Vonsiatsky was imprisoned at the United States Medical Center for Federal Prisoners in Springfield, Missouri.[1] Despite the official prison sentence of five years and a fine of $5000, he was released on February 26, 1946, his sentence effectively having been cut short to the three and a half years in prison already served.[1][2]

After his release from prison, Vonsyatsky moved to St. Petersburg, Florida, where he wrote articles in Russian newspapers and journals.[1] He authored a book entitled Rasplata (Retribution) about World War II, where "he accused the Japanese government, Franklin D. Roosevelt, and his personal nemesis, Thomas J. Dodd, of hampering the anti-Soviet cause".[1] Meanwhile, Vonsyatsky dedicated the Tsar Nicholas II Museum in St Petersburg, Florida.[1]

Personal life[]

Vonsiatsky was married twice. He first married Lyuba Murmosky in Ukraine on January 31, 1920.[1]
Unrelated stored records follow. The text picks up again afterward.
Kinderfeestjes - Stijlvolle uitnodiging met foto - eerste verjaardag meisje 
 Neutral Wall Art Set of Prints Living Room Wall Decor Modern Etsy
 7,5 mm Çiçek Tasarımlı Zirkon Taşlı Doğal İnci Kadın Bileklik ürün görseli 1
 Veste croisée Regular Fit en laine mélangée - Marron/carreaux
On February 4, 1922, still married to Lyuba, Vonsiatsky married Marion Buckingham Ream,[2] the daughter of businessman Norman B. Ream, and a multi-millionaire heiress by the time they married.[3][4] He became a naturalized citizen of the United States in the Superior Court of Windham County, Putnam, Connecticut, on September 30, 1927,[2] after Marion appealed to Secretary of State Charles Evans Hughes.[1] Two months after his second marriage, he was accused of bigamy by his legal wife Lyuba; in November 1922, nine months after Vonsiatsky become a bigamist, the US federal government and the Russian Orthodox Church granted him an annulment of the marriage to Lyuba.[1] The Vonsiatskys resided at Quinnatisset Farm in Putnam, Connecticut.[1]

Vonsiatsky separated from Ream and started a romantic relationship with Edith Priscilla Royster in 1948.[1] In July 1950, Vonsiatsky and Royster had a son together, Andre Anastase Vonsiatsky.[1] In May 1952, the courts granted Vonsiatsky and Ream a legal separation. Ream continued to take care of Vonsiatsky and his son financially, setting up a $12,000 trust for the boy in 1958 (equivalent to $108,000 in 2020), and leaving Vonsiatsky $25,000 when she died in 1963 (equivalent to $211,000 in 2020).[1]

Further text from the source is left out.